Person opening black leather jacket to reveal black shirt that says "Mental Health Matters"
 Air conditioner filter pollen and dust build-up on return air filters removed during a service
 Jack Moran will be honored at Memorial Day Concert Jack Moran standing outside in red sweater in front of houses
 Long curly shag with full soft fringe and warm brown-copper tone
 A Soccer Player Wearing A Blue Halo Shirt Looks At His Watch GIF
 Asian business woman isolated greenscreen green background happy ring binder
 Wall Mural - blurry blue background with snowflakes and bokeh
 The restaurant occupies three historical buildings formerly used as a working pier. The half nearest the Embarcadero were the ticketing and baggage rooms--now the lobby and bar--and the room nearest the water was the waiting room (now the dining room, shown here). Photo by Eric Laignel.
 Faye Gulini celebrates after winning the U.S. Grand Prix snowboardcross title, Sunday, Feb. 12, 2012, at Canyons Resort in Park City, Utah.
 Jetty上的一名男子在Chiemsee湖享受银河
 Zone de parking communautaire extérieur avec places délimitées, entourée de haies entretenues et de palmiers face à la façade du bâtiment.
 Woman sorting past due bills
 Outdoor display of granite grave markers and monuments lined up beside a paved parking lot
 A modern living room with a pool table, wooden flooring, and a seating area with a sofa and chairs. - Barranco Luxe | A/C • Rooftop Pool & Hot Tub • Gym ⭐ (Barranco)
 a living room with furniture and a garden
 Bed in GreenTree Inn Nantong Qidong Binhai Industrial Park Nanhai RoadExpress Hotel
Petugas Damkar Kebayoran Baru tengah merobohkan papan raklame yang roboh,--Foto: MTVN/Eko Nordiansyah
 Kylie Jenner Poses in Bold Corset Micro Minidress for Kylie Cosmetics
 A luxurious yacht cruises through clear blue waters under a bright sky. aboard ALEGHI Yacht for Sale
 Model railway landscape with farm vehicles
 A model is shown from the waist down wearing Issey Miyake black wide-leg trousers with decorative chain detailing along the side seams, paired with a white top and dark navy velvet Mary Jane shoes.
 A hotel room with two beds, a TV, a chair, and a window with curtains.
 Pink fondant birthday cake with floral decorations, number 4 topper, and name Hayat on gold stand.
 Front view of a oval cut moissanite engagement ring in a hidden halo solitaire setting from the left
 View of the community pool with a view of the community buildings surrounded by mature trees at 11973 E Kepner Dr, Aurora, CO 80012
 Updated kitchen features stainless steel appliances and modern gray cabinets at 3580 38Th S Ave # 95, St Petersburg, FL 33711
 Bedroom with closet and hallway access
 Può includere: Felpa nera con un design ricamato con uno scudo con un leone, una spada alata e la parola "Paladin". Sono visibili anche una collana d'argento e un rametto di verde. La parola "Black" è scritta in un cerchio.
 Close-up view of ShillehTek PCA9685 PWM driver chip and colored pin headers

> _Task directions_:
Where a line in the records above contains the string "from", copy that line.

> _Completed exercise_:
 A model is shown from the waist down wearing Issey Miyake black wide-leg trousers with decorative chain detailing along the side seams, paired with a white top and dark navy velvet Mary Jane shoes.
 Front view of a oval cut moissanite engagement ring in a hidden halo solitaire setting from the left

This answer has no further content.